Stern then takes aim at not just the mayor's education reform centerpiece, but test-based education reform as a whole:
This debacle was entirely predictable. Testing experts have recognized that accountability schemes based so heavily on standardized tests can lead to fraud. The principle even has a name: Campbell’s Law, after Donald Campbell, one of the greatest American social scientists of the 20th century, who concluded that “when test scores become the goal of the teaching process, they both lose their value as indicators of educational status and distort the educational process in undesirable ways.”
Of course things are going to get much worse before they get better because the state has put a new teacher evaluation system into place, APPR, that requires all teachers be evaluated using their students' test scores.
Additional standardized tests in every grade in every subject are going to be added all throughout the year not so that children can be assessed but so that their teachers can be evaluated.
The geniuses who put this system into place - Obama, Duncan and Gates who have promoted and funded it at the national level, Cuomo, Tisch and King who pushed this through at the state level, and the union leaders like Mulgrew and Iannuzzi who haven't challenged the premise of test-based accountability in any practical way - are going to have a lot to answer for when this generation of students damaged by test-based accountability become adults.
As for Bloomberg, the citizens of this city know that the mayor has no clothes when it comes to education and the school system - the latest Marist/NY1 poll shows that 49% believe the school system is worse now than a generation ago, another 16% say the quality is about the same despite all the dramatic changes wrought by Bloomberg.
The mayor has gotten a Mayor Data Report and the score is an "F".
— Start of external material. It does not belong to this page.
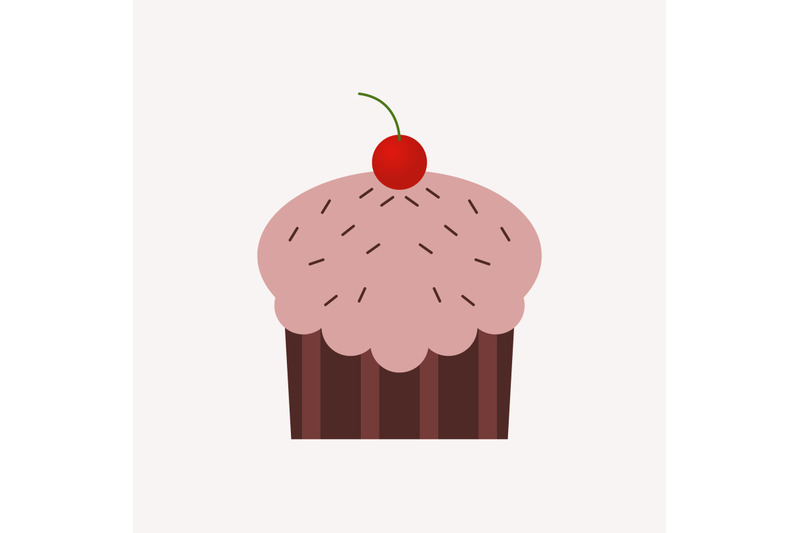 cup-cake-icon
Sol Stern was once a supporter of the mayor's reforms.
But Stern sees the damage that has been done by this regime, just as many New Yorkers see it, and says the following:
The perverse incentives of the progress reports cause harm — to the kids, to the teachers and principals and to the parents. It’s time for the Bloomberg administration to face this inconvenient truth and restore integrity to the accountability system.
I would add one thing - it's time for the Accountability Mayor to face some accountability for his failures himself.
I am very much looking forward to the day when the Accountability Fairy descends on NYSED and gives Omissioner King and his minor domo uncertified, unqualified, no ed background period but a buddy named Sam Hoyt Assistant Secretary Katie Campos their lashes with the accountability wand. Greenhorn 1 and greenhorn 2 all ready have a lot to answer for and between the two of them neither are eligible to respond to the ad they placed for temps to help correct the mound of paperwork they demanded from every district in the state. Sadly the minimum regs call for 5 years classroom experience and a master's degree. Even if you combined their edu-chops they still couldn't make the grade. Yet they've been handed control of New York's public schools. About as dangerous as making Romney secretary of state.